Provided data START

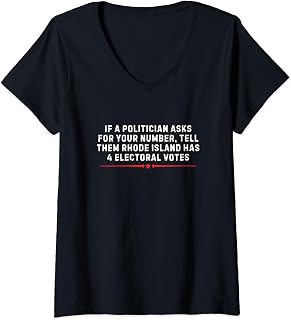 Womens Funny Electoral Votes Rhode Island Voting Political Humor V-Neck T-Shirt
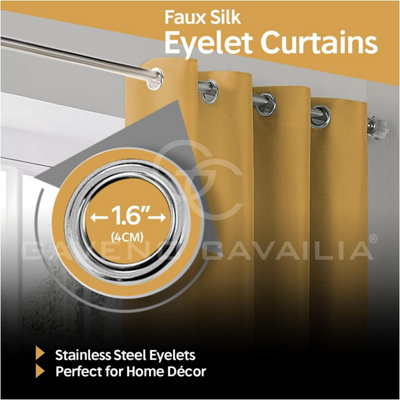 GC GAVENO CAVAILIA Silk Sheen Eyelet Curtain 90x90 Ochre 100% Polyester Ring Top Fully Lined Drapes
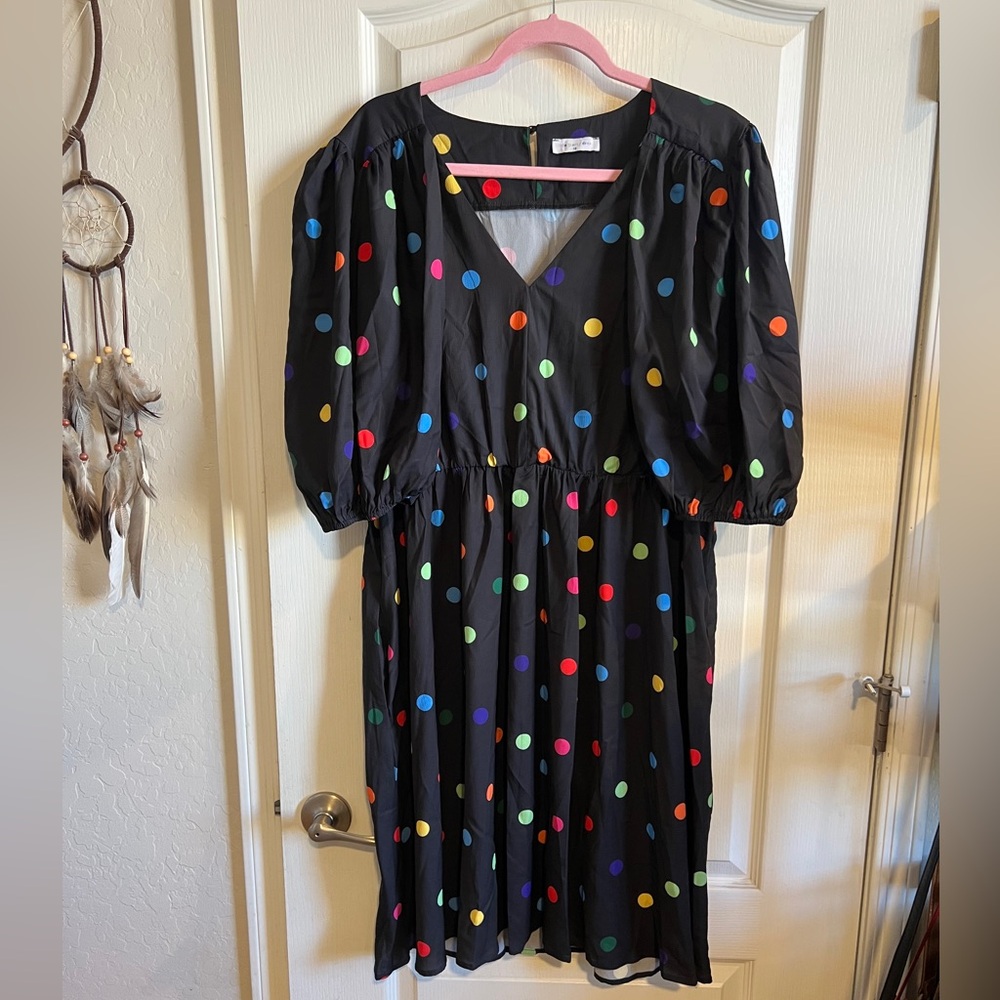 Colorful Puff Sleeve Polka Dot Dress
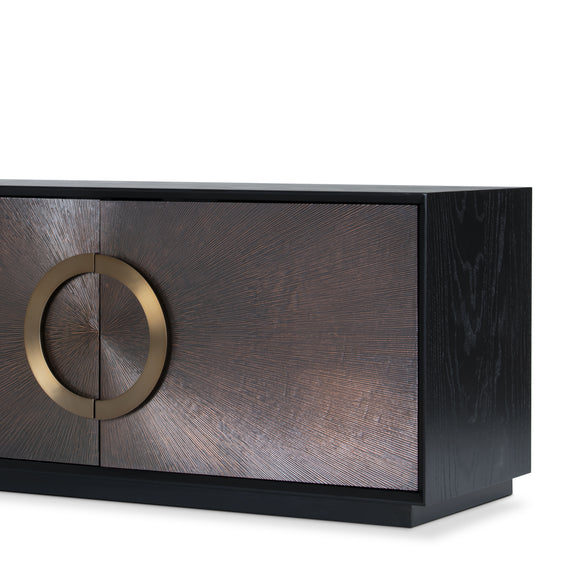 that's living case of the tv unit with copper doors cabinets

Provided data END

» Problem: Find the line that contains "Colorful Puff Sleeve Polka Dot Dress". Copy it and every line after it through the end of the listing exactly, but not the pictures.

» Task output:
 Colorful Puff Sleeve Polka Dot Dress
 that's living case of the tv unit with copper doors cabinets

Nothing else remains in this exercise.